Segment Start: DATA SUPPLIED

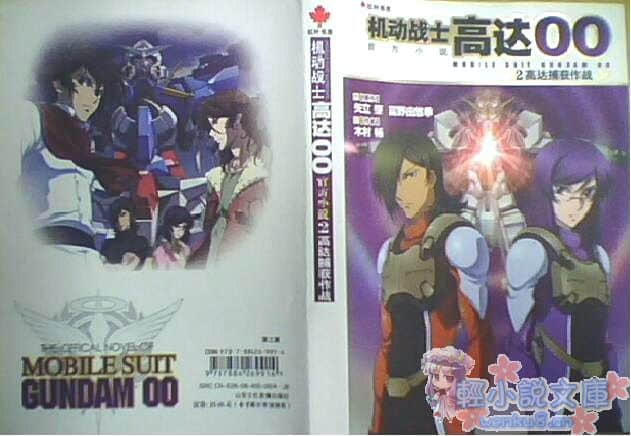 《机动战士高达00》2 高达捕获计划 插图（1）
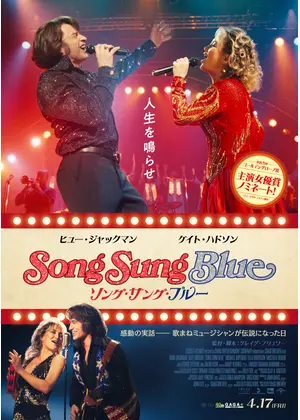 ソング・サング・ブルー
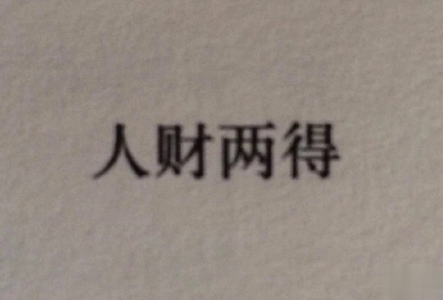 发朋友圈说说的丧句带图片 我解决人际关系唯一的方法就是放弃8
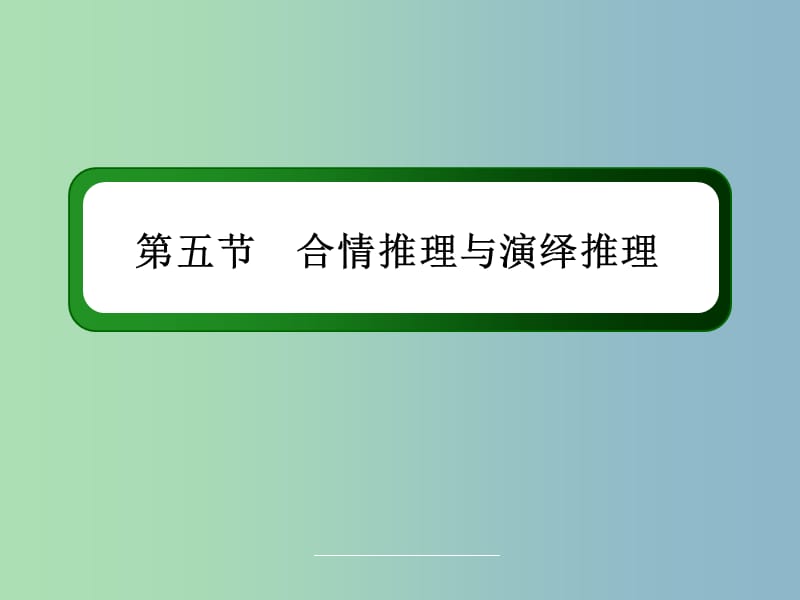 高三数学 合情推理与演绎推理复习课件 新人教A版.ppt_第3页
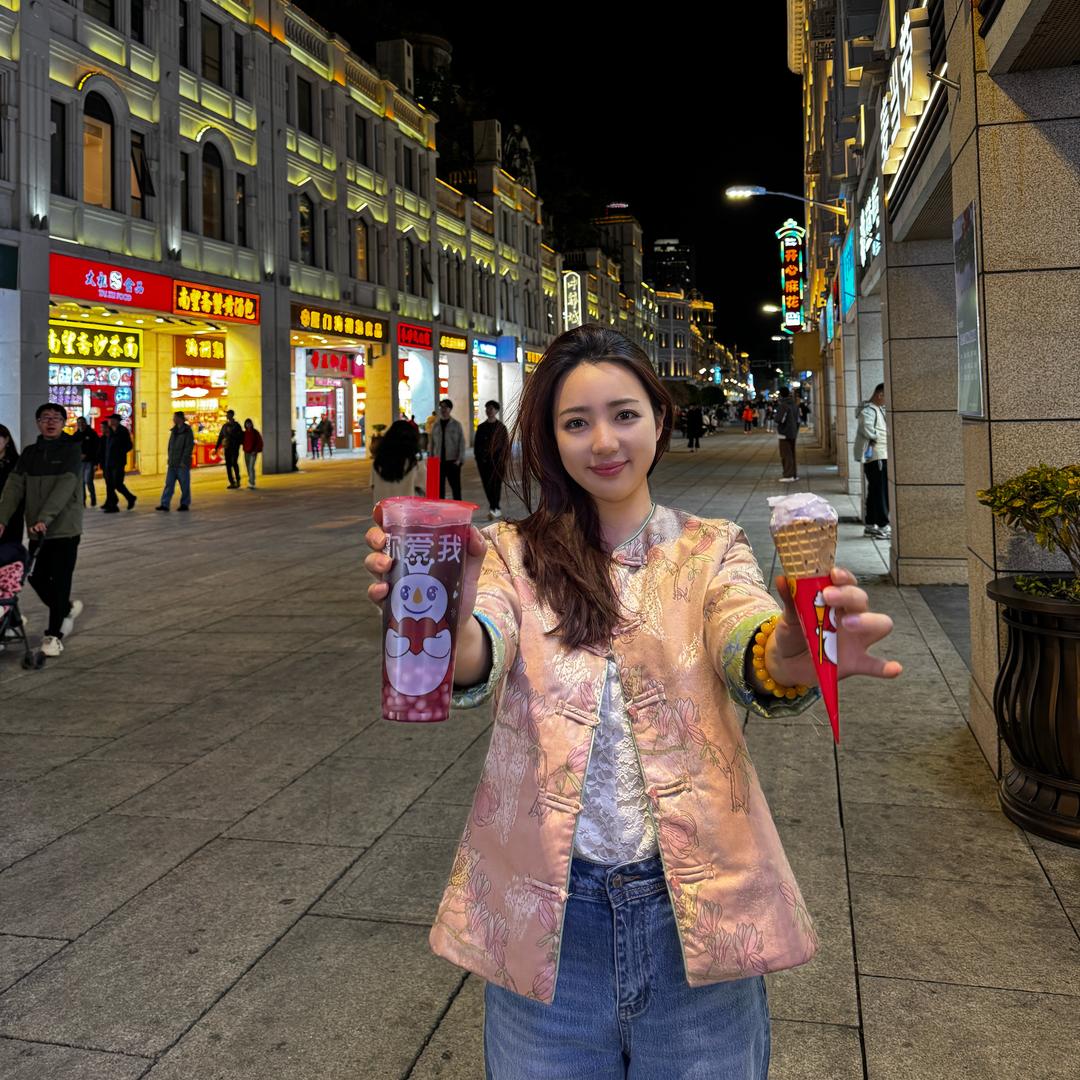 喝杯蜜雪冰城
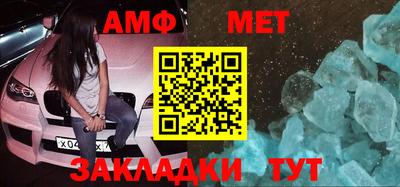 марки nbome Гатчина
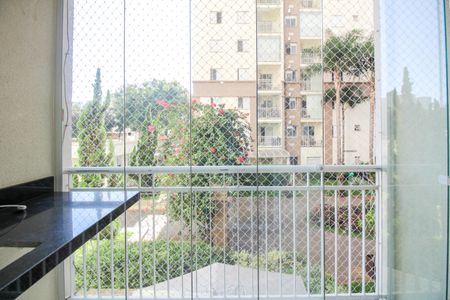 Apartamento à venda com 64m², 3 quartos e 1 vaga Apartamento à venda com 64m², 3 quartos e 1 vagaVaranda
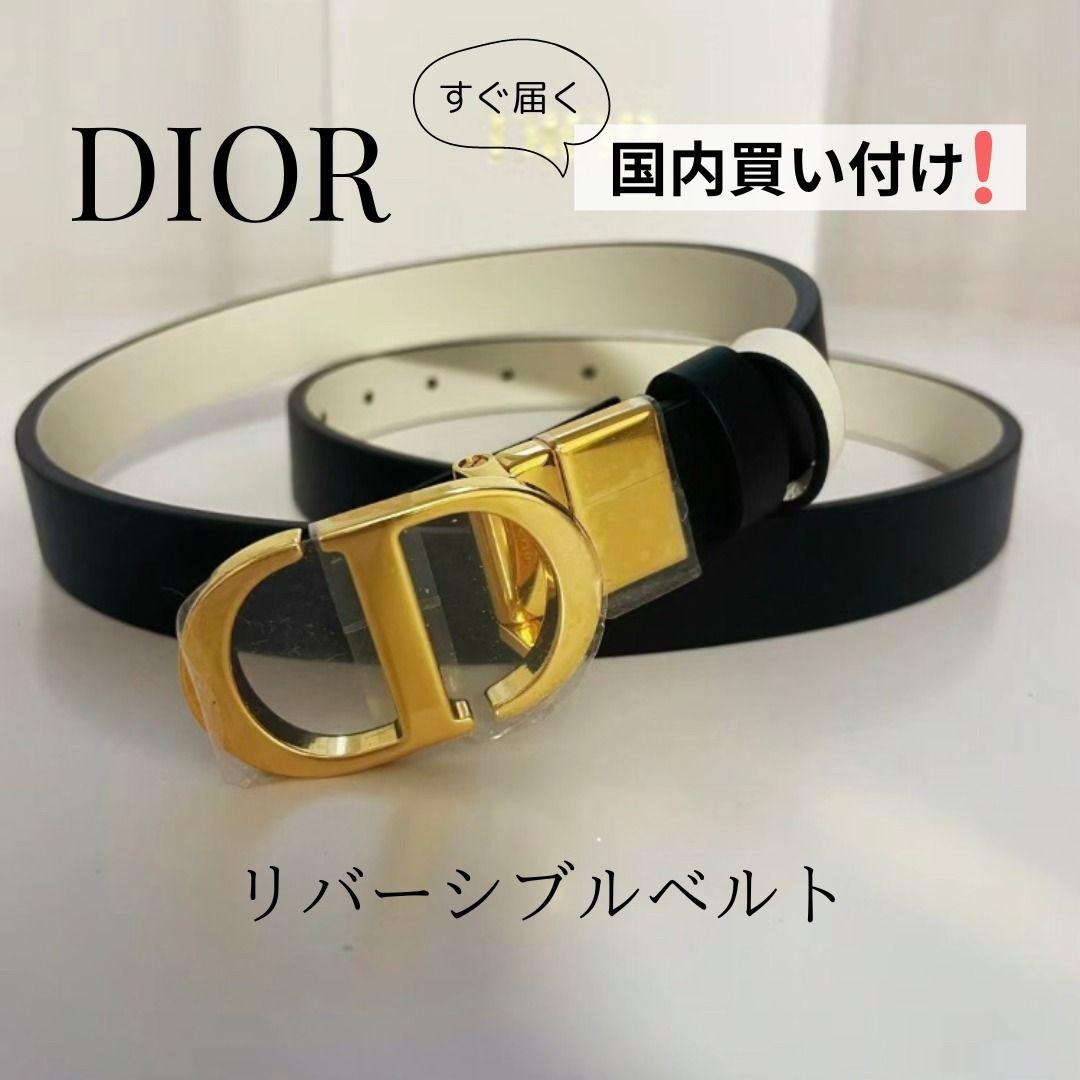 DIOR(ディオール) リバーシブルベルト ユニセックス (Dior/ベルト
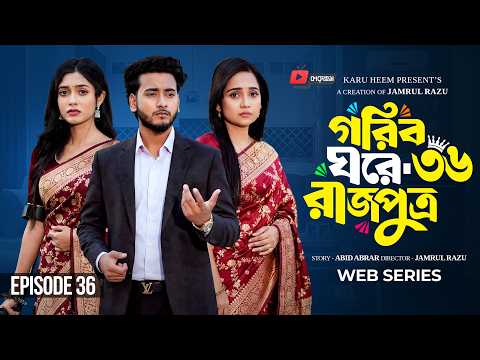 গরিব ঘরে রাজপুত্র ৩৬ | Prank King | Miraz Khan | Ananna Islam | Jamrul Razu | New Bangla Natok 2026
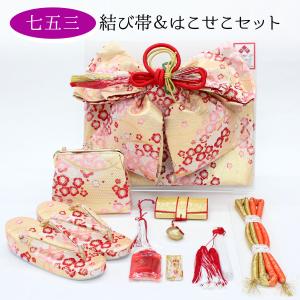 七五三　帯、小物　はこせこセット 七五三女の子小物 はこせこ・結び帯 7点セット7才向き 120cm 作り帯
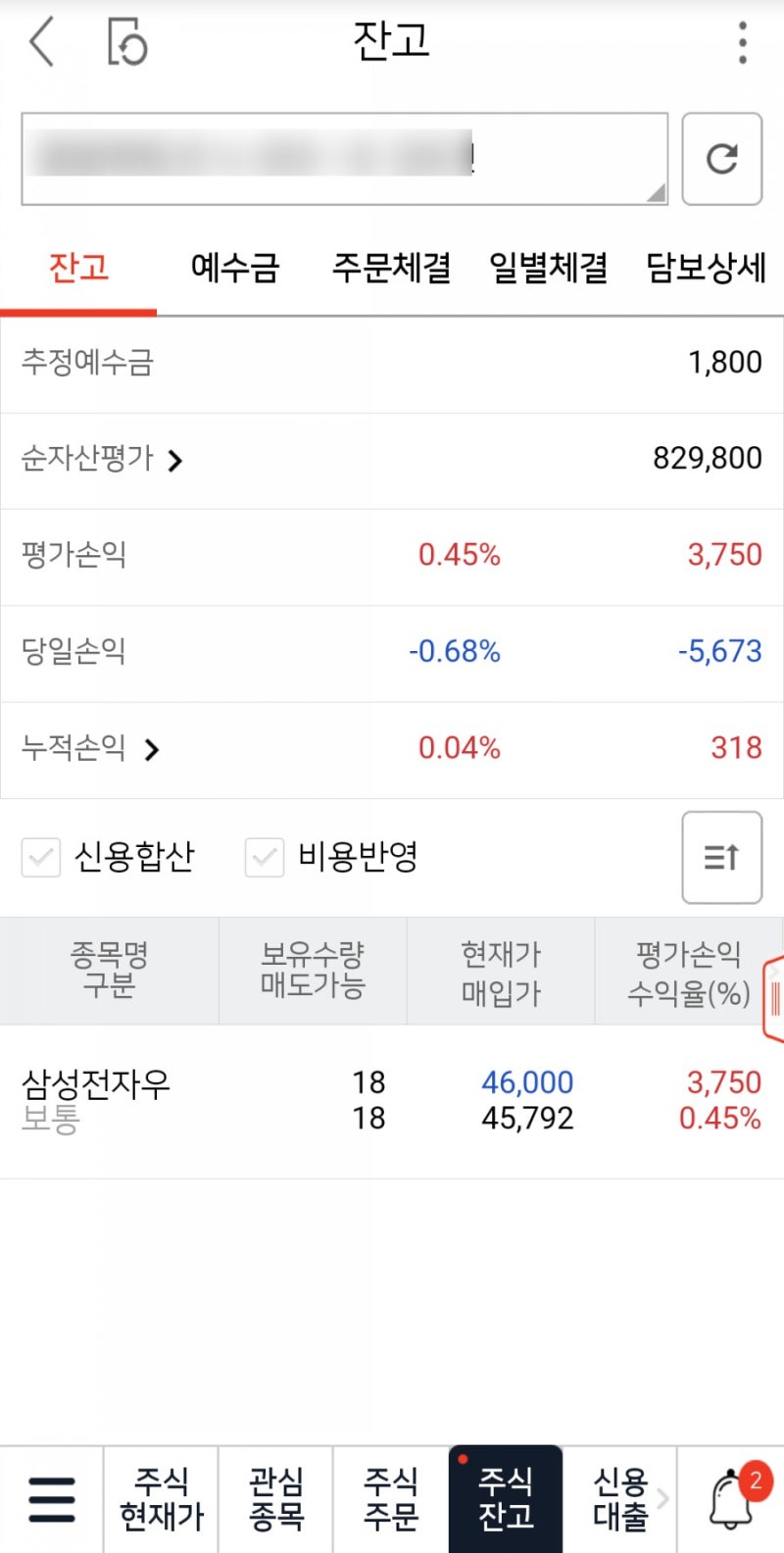 주식일기 #2] 삼성전자우(005936) 3주 추가매수 : 네이버 블로그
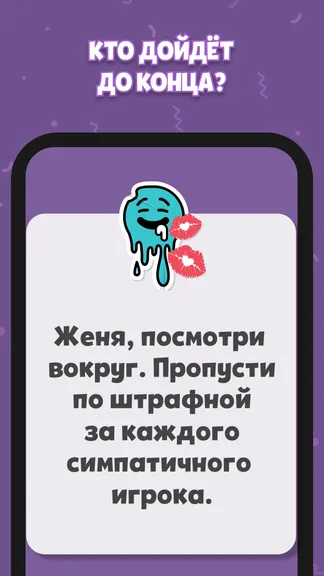 Скриншот 4/7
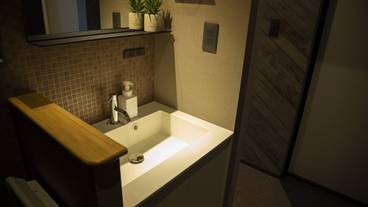 バスルームのシンク / 20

Segment End: DATA SUPPLIED

(EXERCISE):
The records above need to be copied exactly, though not their pictures.

(RESPONSE AREA):
 《机动战士高达00》2 高达捕获计划 插图（1）
 ソング・サング・ブルー
 发朋友圈说说的丧句带图片 我解决人际关系唯一的方法就是放弃8
 高三数学 合情推理与演绎推理复习课件 新人教A版.ppt_第3页
 喝杯蜜雪冰城
 марки nbome Гатчина
 Apartamento à venda com 64m², 3 quartos e 1 vaga Apartamento à venda com 64m², 3 quartos e 1 vagaVaranda
 DIOR(ディオール) リバーシブルベルト ユニセックス (Dior/ベルト
 গরিব ঘরে রাজপুত্র ৩৬ | Prank King | Miraz Khan | Ananna Islam | Jamrul Razu | New Bangla Natok 2026
 七五三　帯、小物　はこせこセット 七五三女の子小物 はこせこ・結び帯 7点セット7才向き 120cm 作り帯
 주식일기 #2] 삼성전자우(005936) 3주 추가매수 : 네이버 블로그
 Скриншот 4/7
 バスルームのシンク / 20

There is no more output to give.